So no, I don’t buy into the whole idea of reinvention as a Plan B. As far as I’m concerned, it’s part of an overall plan to be happy.
Reinvention is your birthright, and you have the option of exercising that birthright whenever you say.
It might not be easy, and it’ll certainly drive up some uncertainty and fear, but the rewards are great for those who choose to take life up on its crazy offers.
I’m thinking when I’m a couple more decades down the road, God willing, I might look back on this particular chapter of my life and want to give the current me a reassuring hug.

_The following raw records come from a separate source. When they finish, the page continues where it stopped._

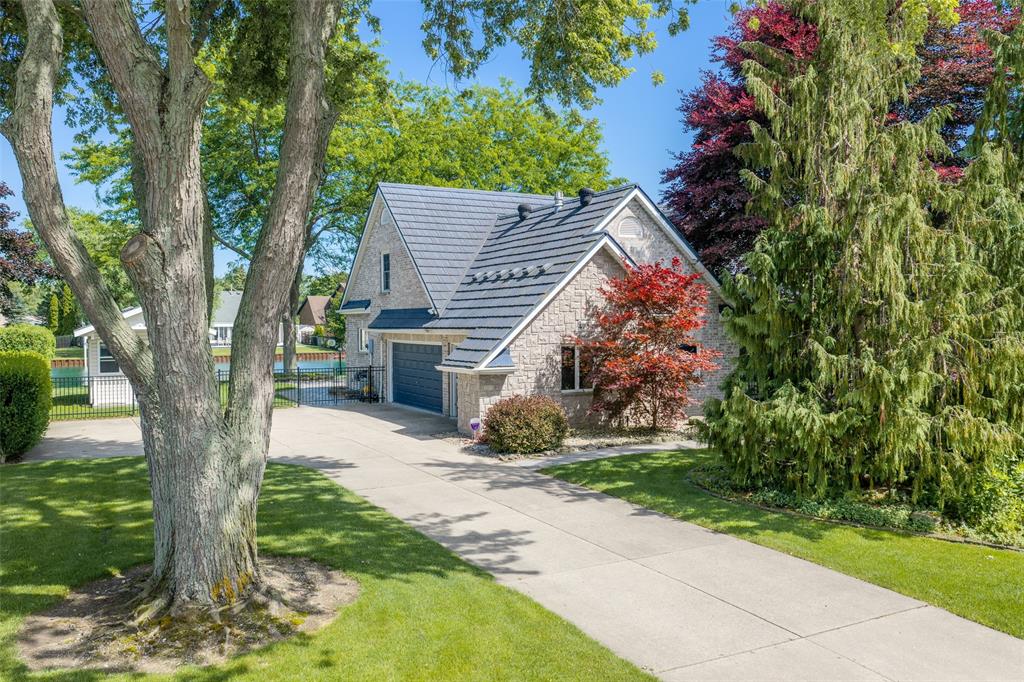 4784 Maplewood Crescent, Port Lambton Ontario, Canada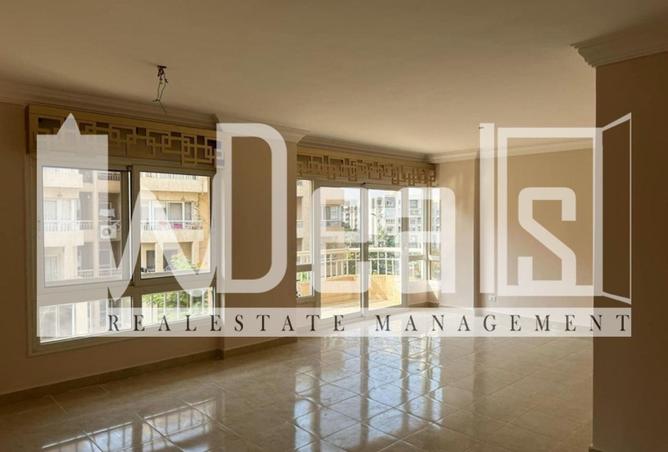 8321192 - Property Image 2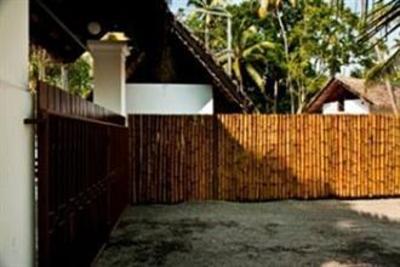 фото отеля Park On Vembanad Lake Hotel Kochi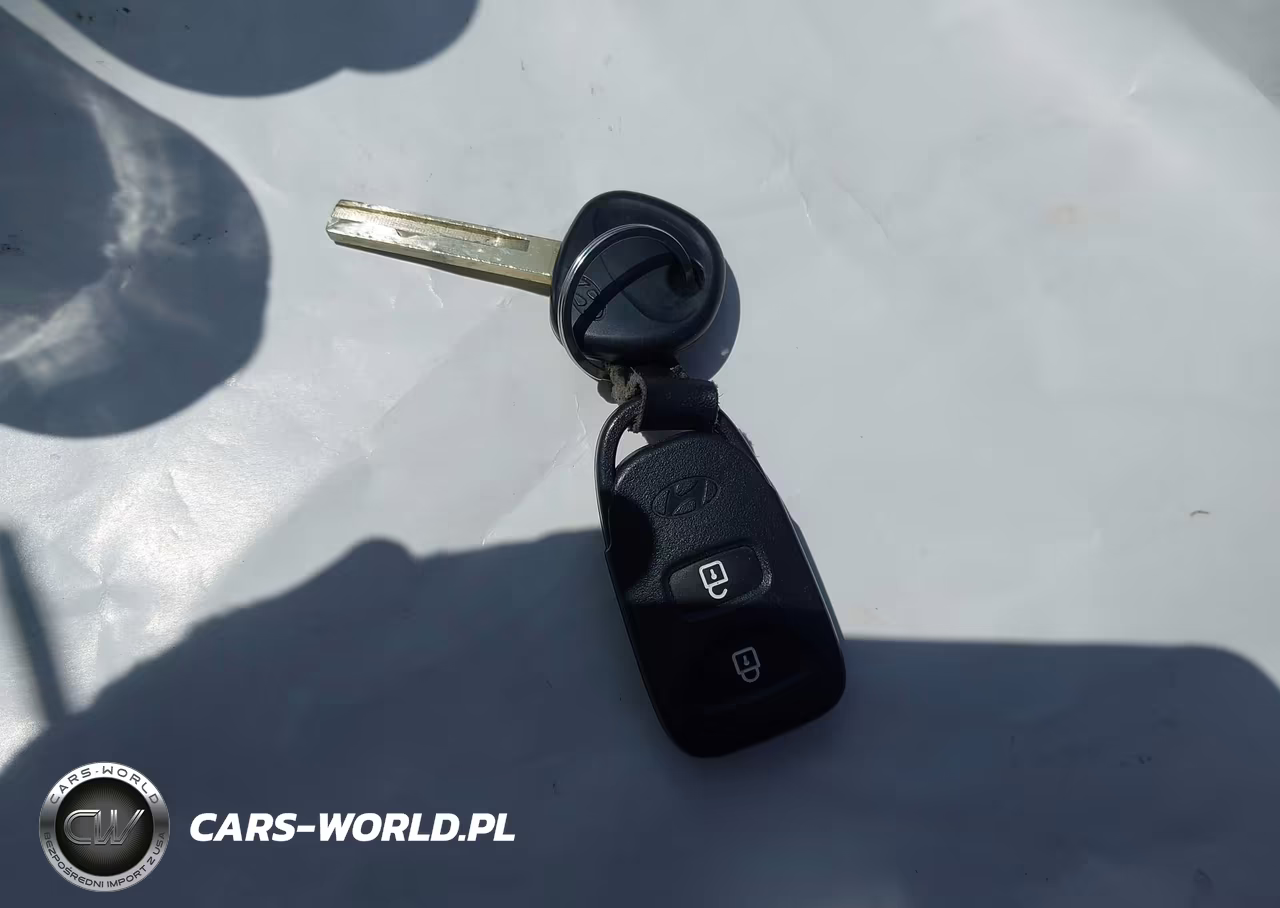 2013 Hyundai Accent Gls VIN:KMHCT4AE5DU281972 - 11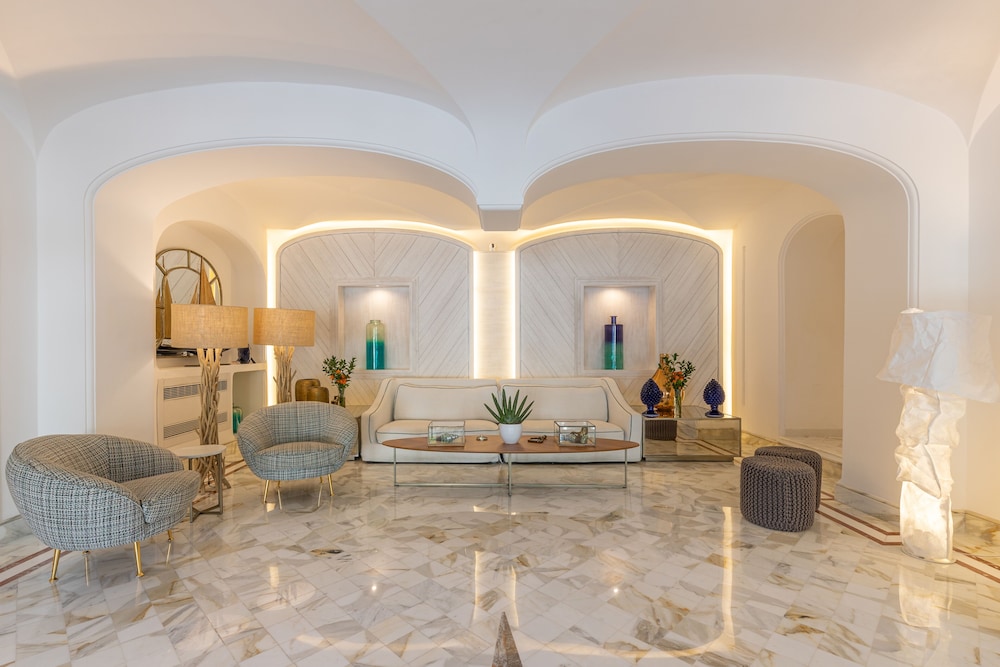 Hotel Mamela in Capri, Italy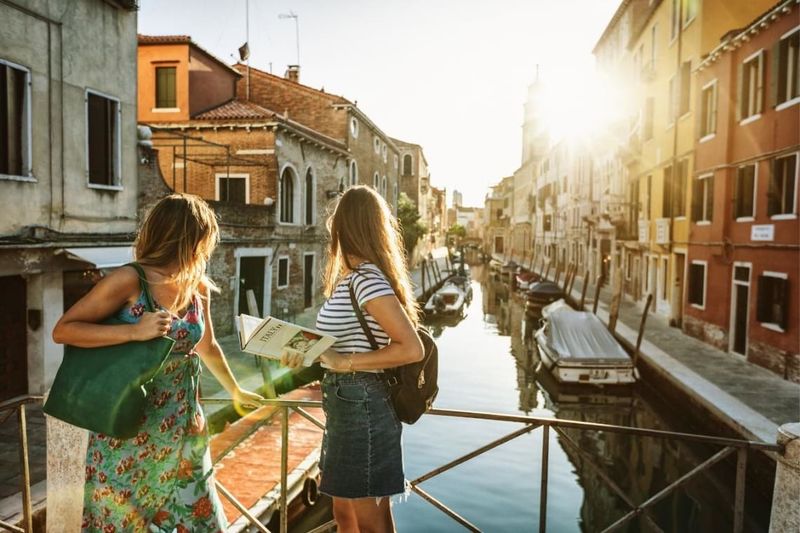 Find a Travel Buddy for Weekend Getaways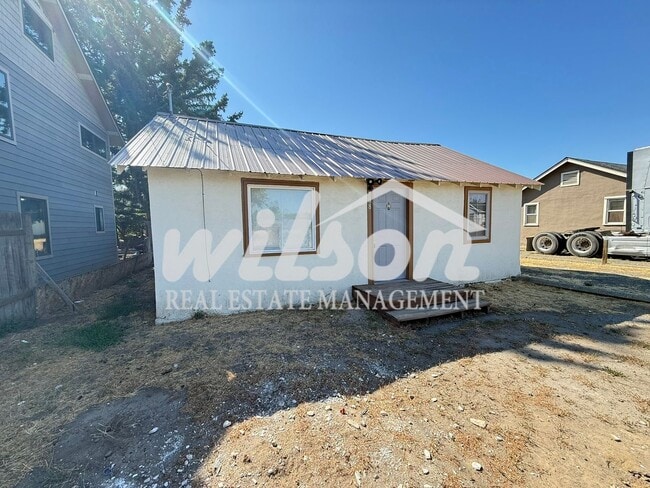 Primary Photo - 3-Bedroom 1 - Bathroom Home Near Local Ame...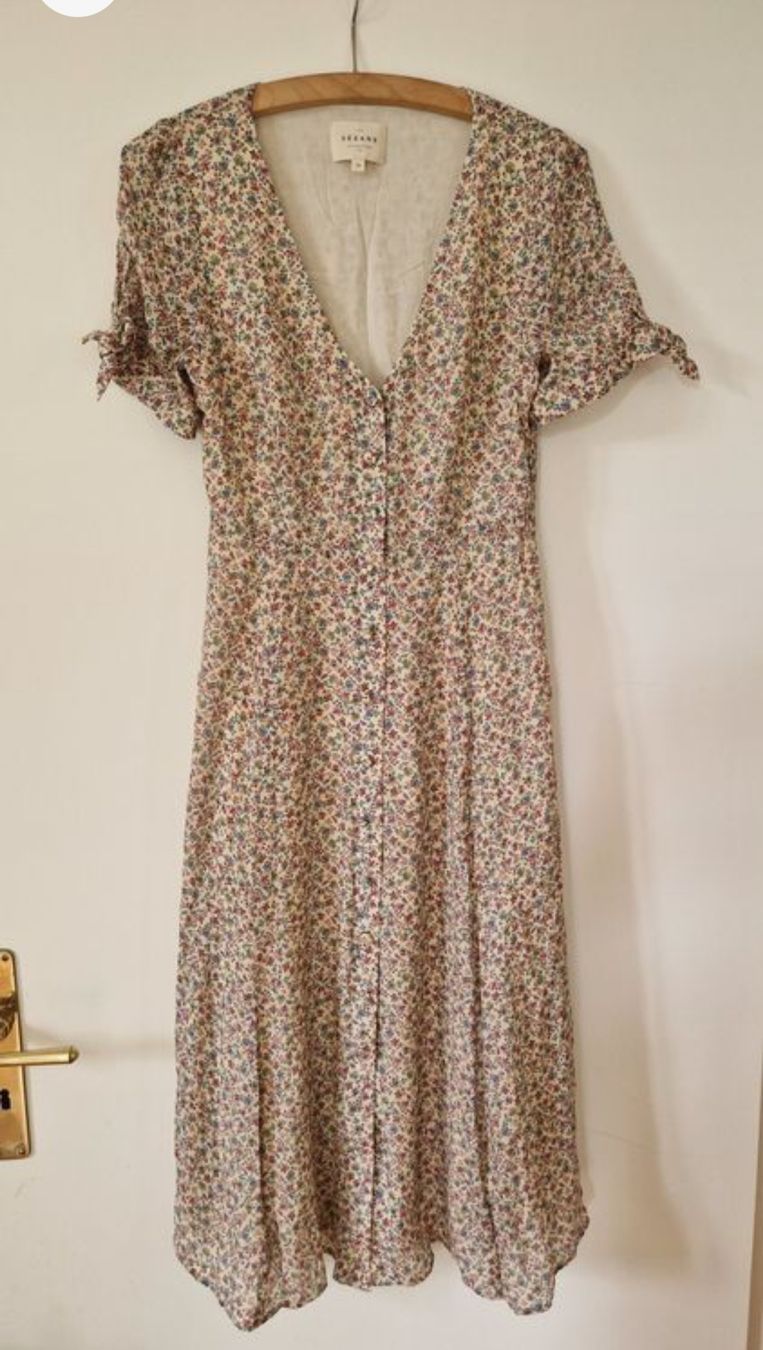 Sezane Robes: Kleid Sezane, Grösse 34, 100% Seide – Neuf (Voir description) à Luzern par sim_lqq2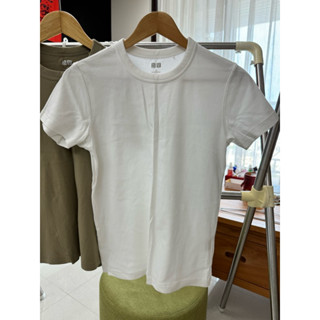 二手上衣- Uniqlo/基本款素色T-shirt/好穿搭/白色、橄欖綠/L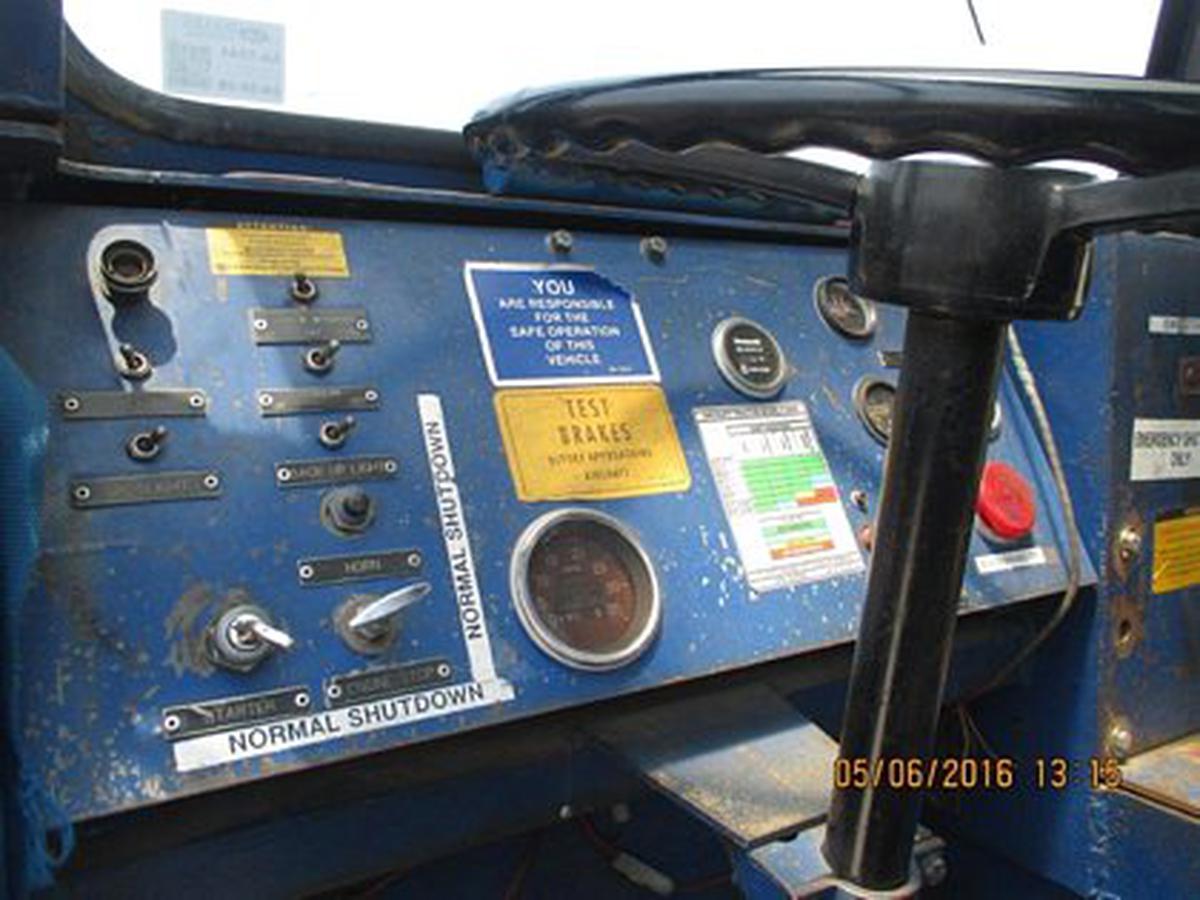 Push Back Tractor Hough-Paymover T-300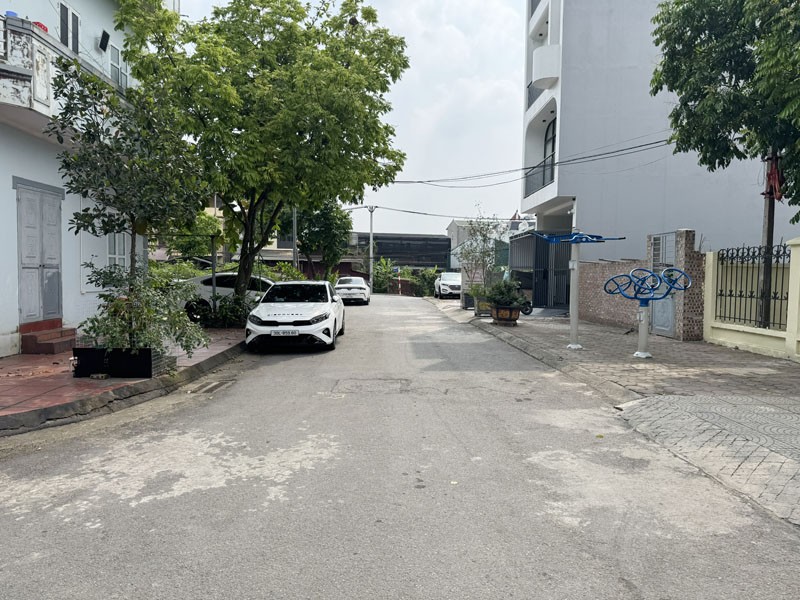 Bán 94m2 đất đấu giá Xóm 2 Đông Dư, Bát Tràng. Đường 3 ô tô tránh, vỉa hè rộng, mặt thoáng bên hông 4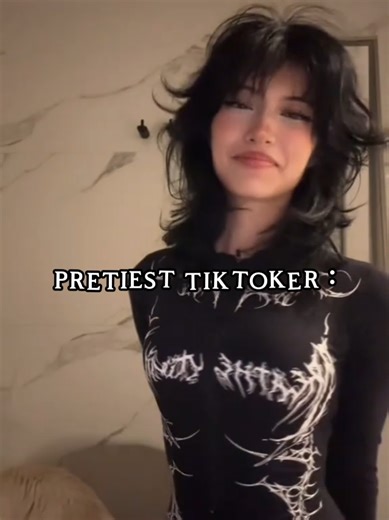 Exploring 2000s Aesthetic Through Bunny Party Edits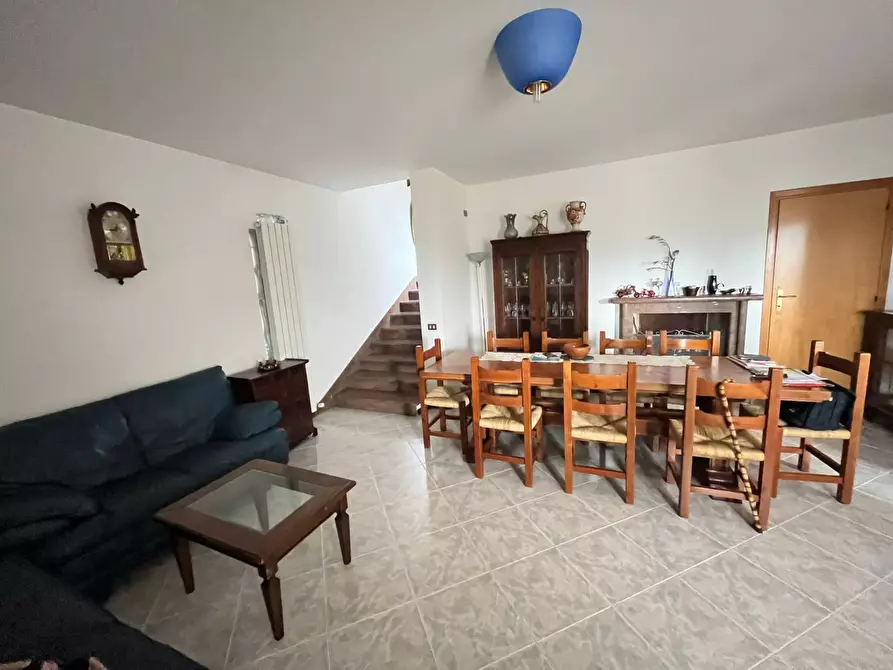 Immagine 3 di Villetta a schiera in vendita  a Collazzone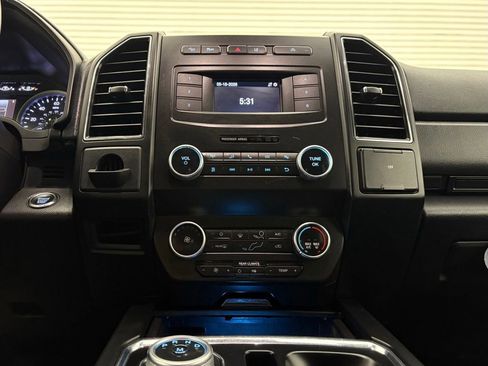 Used 2021 Ford Expedition Max XL AWD/4WD image 8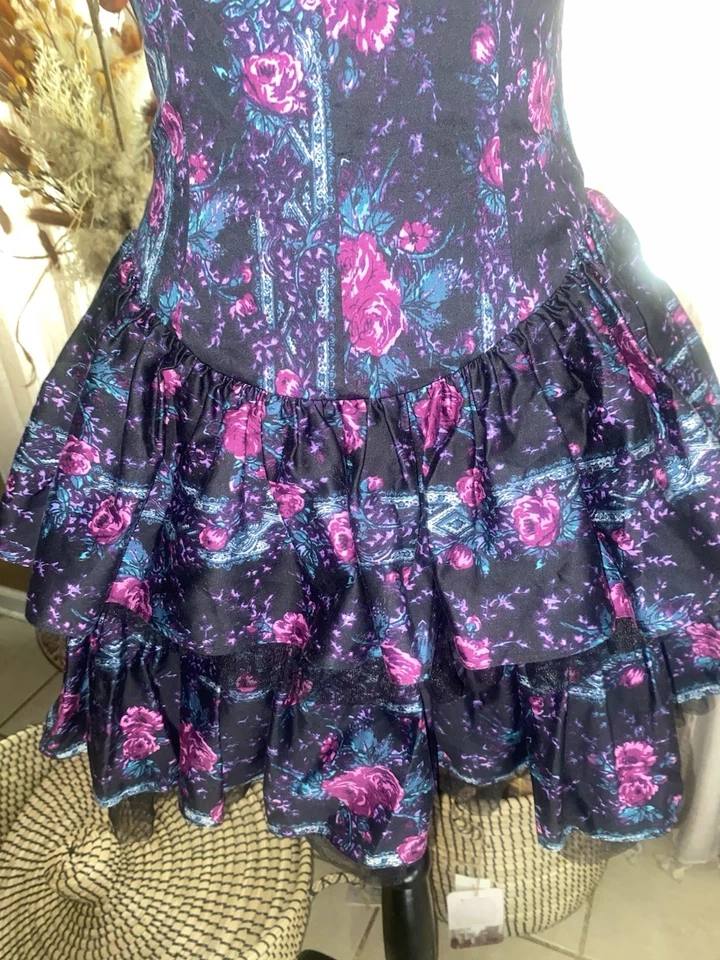 Betsey Johnson винтажное тюлевое платье с оборками с цветочным рисунком без бретелек размер 2 - Изображение 4 из 4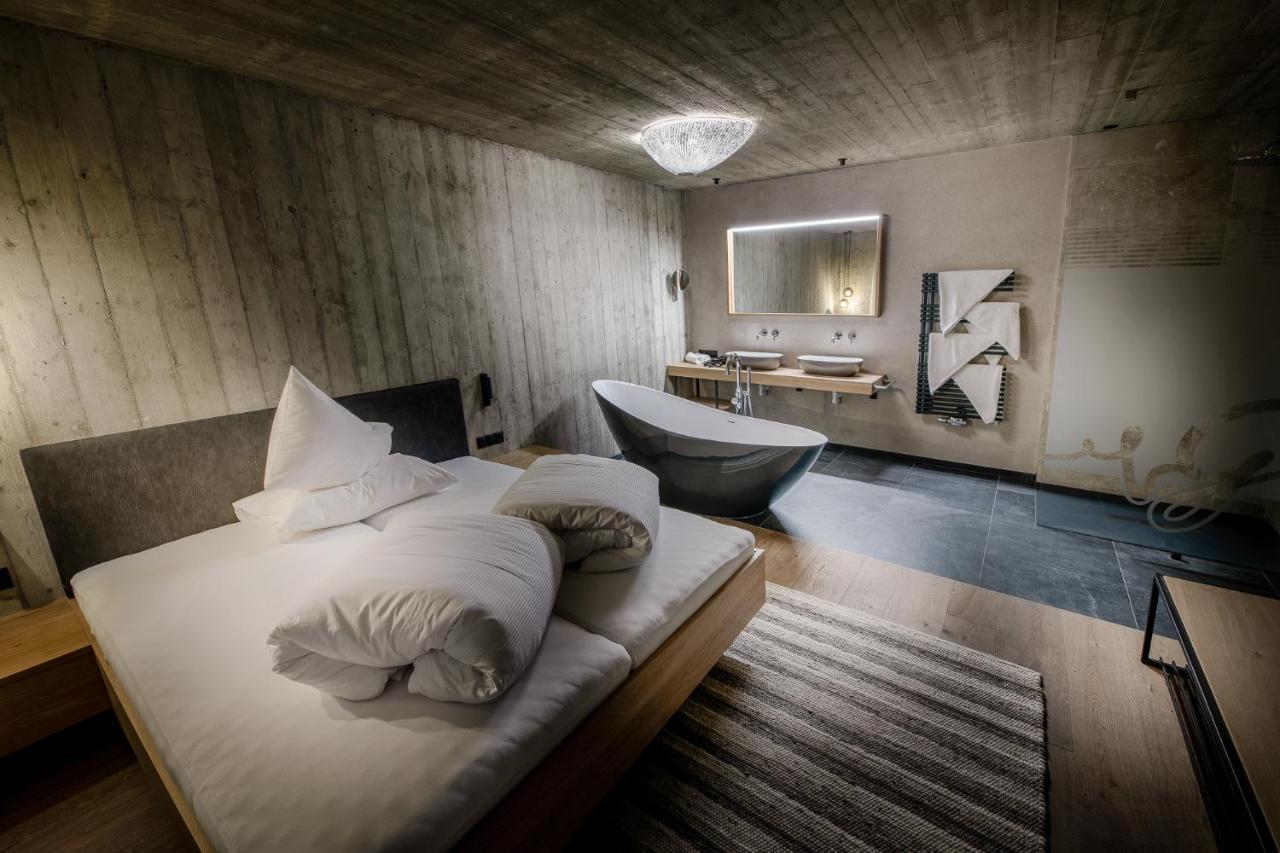 Glanz & Glory Appartements Laengenfeld Esterno foto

“You go, girl,” I’ll say, my wrinkled little fist raised in a triumphant salute to adventure. “You do YOU!”
And then I’ll have a wee nip of whiskey.
What’s a time in your life where you said no, this ain’t it, I desire something different…and then you made it happen?
I’d love to hear about your adventure, past and future. Leave a comment below and share with the rest of us.
What if sharing your story were exactly the catalyst another person needed to start her own brave new chapter?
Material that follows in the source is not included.